# Exercise description:
Two lines in the listing below mark the span: one contains "Covido Valentines Day" and one contains "Renkli Katlanabilir Şezlong". Reproduce both of them and everything between, exactly.

# Records provided:
'''
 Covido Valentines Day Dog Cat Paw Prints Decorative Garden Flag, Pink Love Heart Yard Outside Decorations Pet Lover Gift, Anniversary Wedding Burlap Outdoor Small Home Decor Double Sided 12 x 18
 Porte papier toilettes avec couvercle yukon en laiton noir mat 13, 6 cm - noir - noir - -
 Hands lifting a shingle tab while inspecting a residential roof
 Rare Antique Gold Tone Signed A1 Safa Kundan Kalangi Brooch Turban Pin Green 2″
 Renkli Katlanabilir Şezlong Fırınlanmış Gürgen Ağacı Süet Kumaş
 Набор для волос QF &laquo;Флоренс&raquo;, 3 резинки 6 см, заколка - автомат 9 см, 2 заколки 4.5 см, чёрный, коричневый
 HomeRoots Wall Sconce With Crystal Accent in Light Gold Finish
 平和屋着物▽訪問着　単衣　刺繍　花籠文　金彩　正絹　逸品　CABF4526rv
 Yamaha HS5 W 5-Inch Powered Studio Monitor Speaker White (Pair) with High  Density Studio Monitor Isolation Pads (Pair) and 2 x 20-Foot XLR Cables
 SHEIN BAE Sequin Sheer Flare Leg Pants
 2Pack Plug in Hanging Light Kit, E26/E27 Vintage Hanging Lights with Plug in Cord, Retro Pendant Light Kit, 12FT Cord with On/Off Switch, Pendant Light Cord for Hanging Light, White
'''
'''
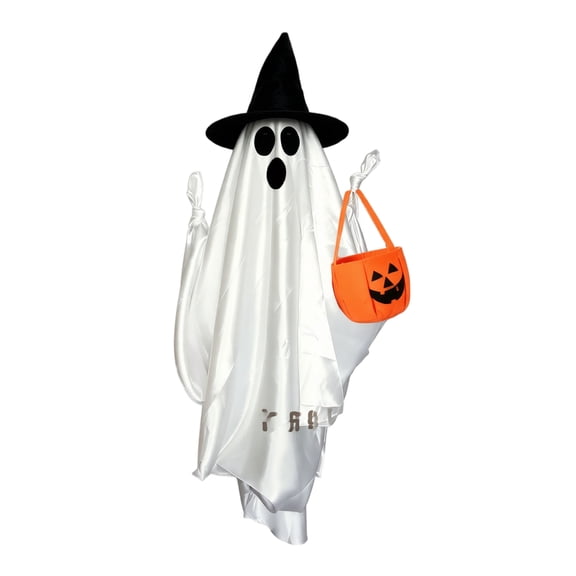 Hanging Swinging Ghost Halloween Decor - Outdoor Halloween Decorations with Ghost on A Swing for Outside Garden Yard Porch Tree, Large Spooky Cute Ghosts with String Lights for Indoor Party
'''
'''
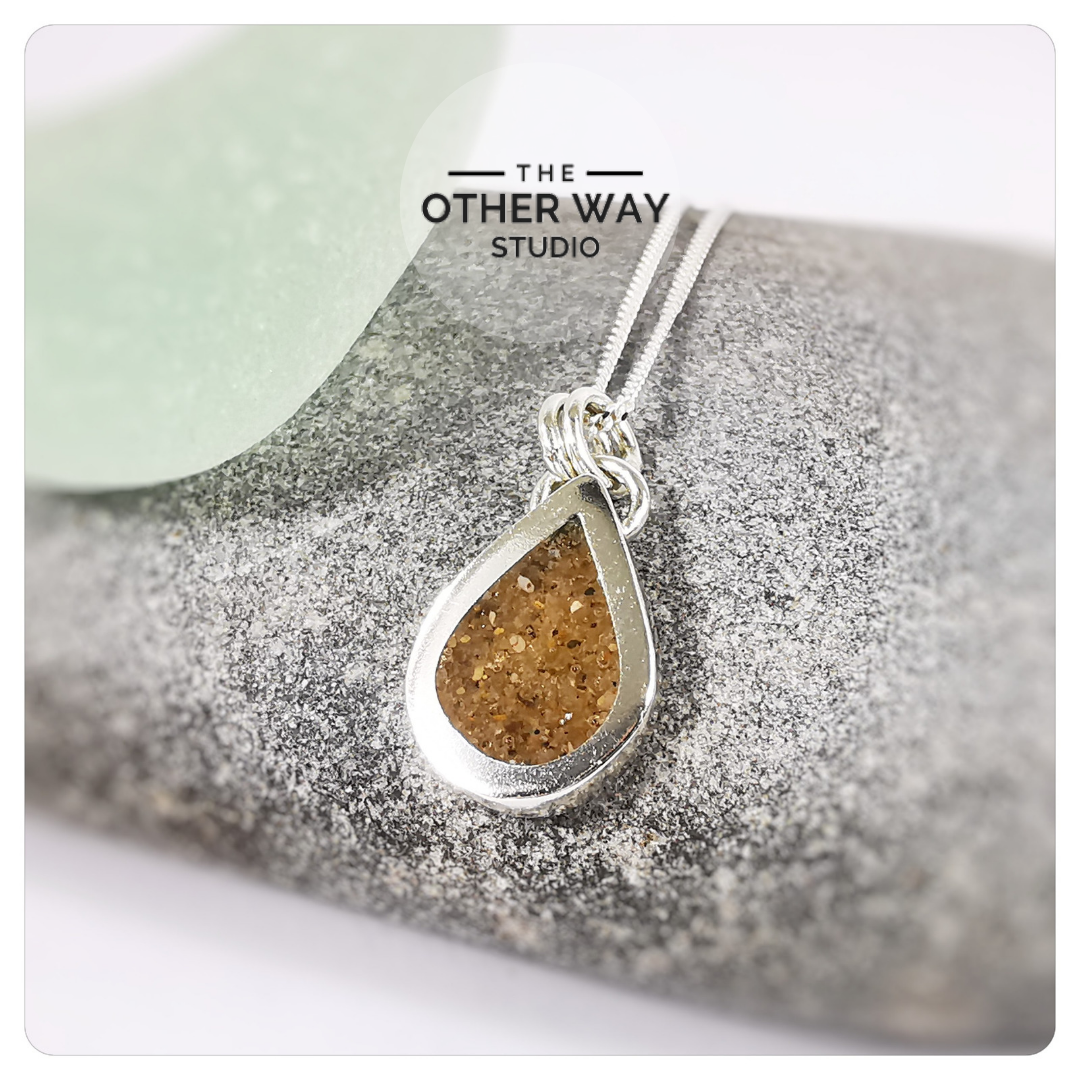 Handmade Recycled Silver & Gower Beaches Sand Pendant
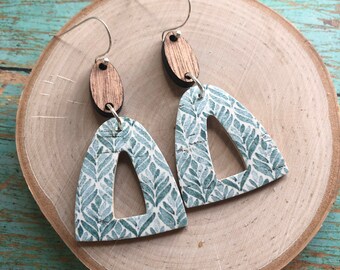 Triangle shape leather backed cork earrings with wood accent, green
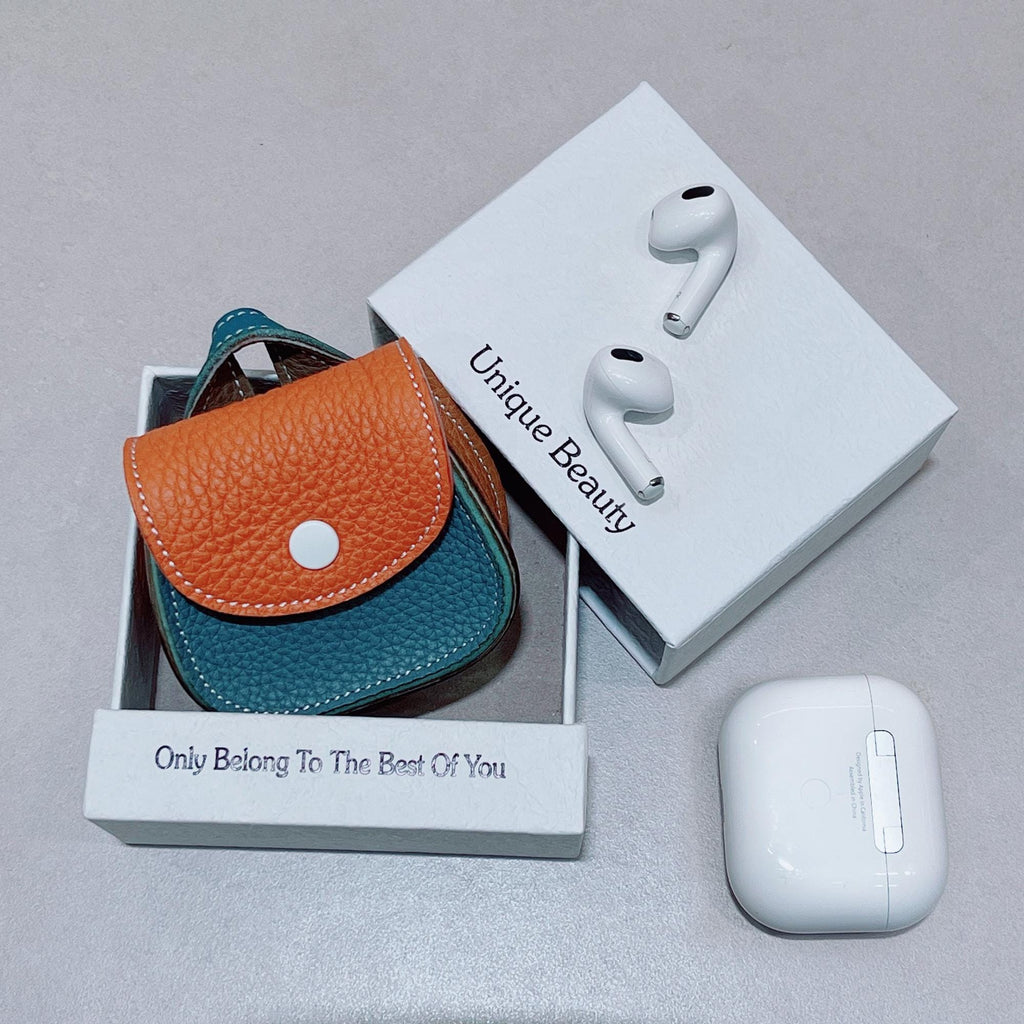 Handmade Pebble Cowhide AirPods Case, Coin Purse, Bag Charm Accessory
'''
# Task answer:
 Covido Valentines Day Dog Cat Paw Prints Decorative Garden Flag, Pink Love Heart Yard Outside Decorations Pet Lover Gift, Anniversary Wedding Burlap Outdoor Small Home Decor Double Sided 12 x 18
 Porte papier toilettes avec couvercle yukon en laiton noir mat 13, 6 cm - noir - noir - -
 Hands lifting a shingle tab while inspecting a residential roof
 Rare Antique Gold Tone Signed A1 Safa Kundan Kalangi Brooch Turban Pin Green 2″
 Renkli Katlanabilir Şezlong Fırınlanmış Gürgen Ağacı Süet Kumaş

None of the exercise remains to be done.